TASK DATA Start Marker
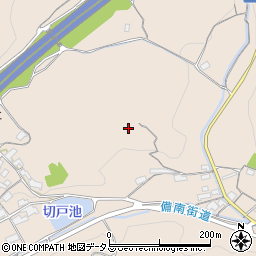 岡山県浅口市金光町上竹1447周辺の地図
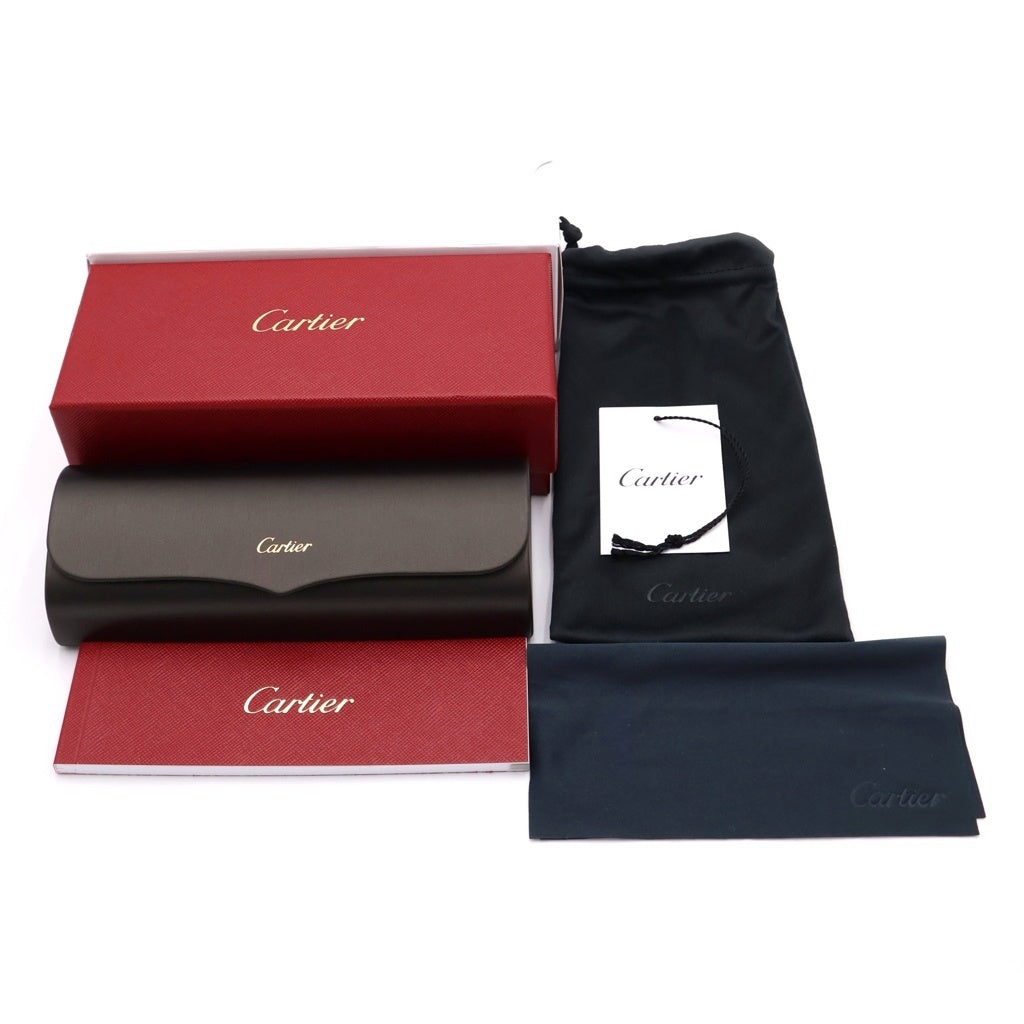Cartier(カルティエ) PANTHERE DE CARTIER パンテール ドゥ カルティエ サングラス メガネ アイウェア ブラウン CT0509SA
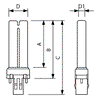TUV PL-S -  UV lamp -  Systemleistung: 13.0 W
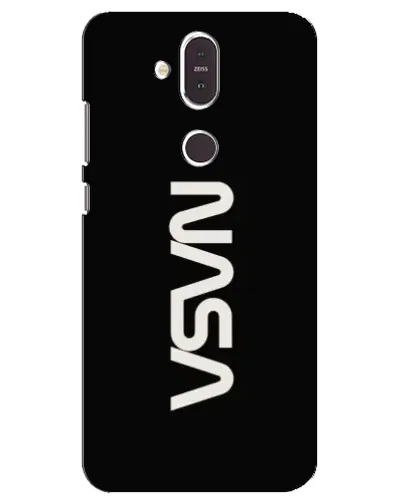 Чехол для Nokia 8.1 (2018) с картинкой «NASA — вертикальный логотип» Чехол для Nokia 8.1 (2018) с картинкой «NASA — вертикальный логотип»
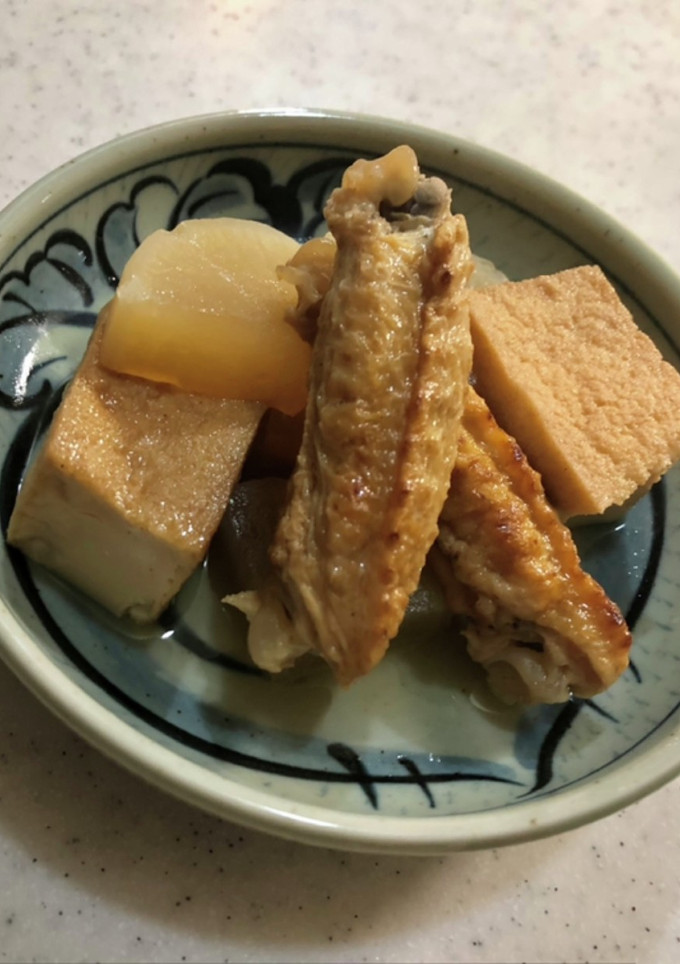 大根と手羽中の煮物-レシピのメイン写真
TASK DATA End Marker
GOAL OF THE EXERCISE =>
Within the entries above, the lines from the one with "Systemleistung: 13.0 W" through the final line are to be printed exactly, with the pictures removed.

WRITTEN RESPONSE =>
TUV PL-S -  UV lamp -  Systemleistung: 13.0 W
 Чехол для Nokia 8.1 (2018) с картинкой «NASA — вертикальный логотип» Чехол для Nokia 8.1 (2018) с картинкой «NASA — вертикальный логотип»
 大根と手羽中の煮物-レシピのメイン写真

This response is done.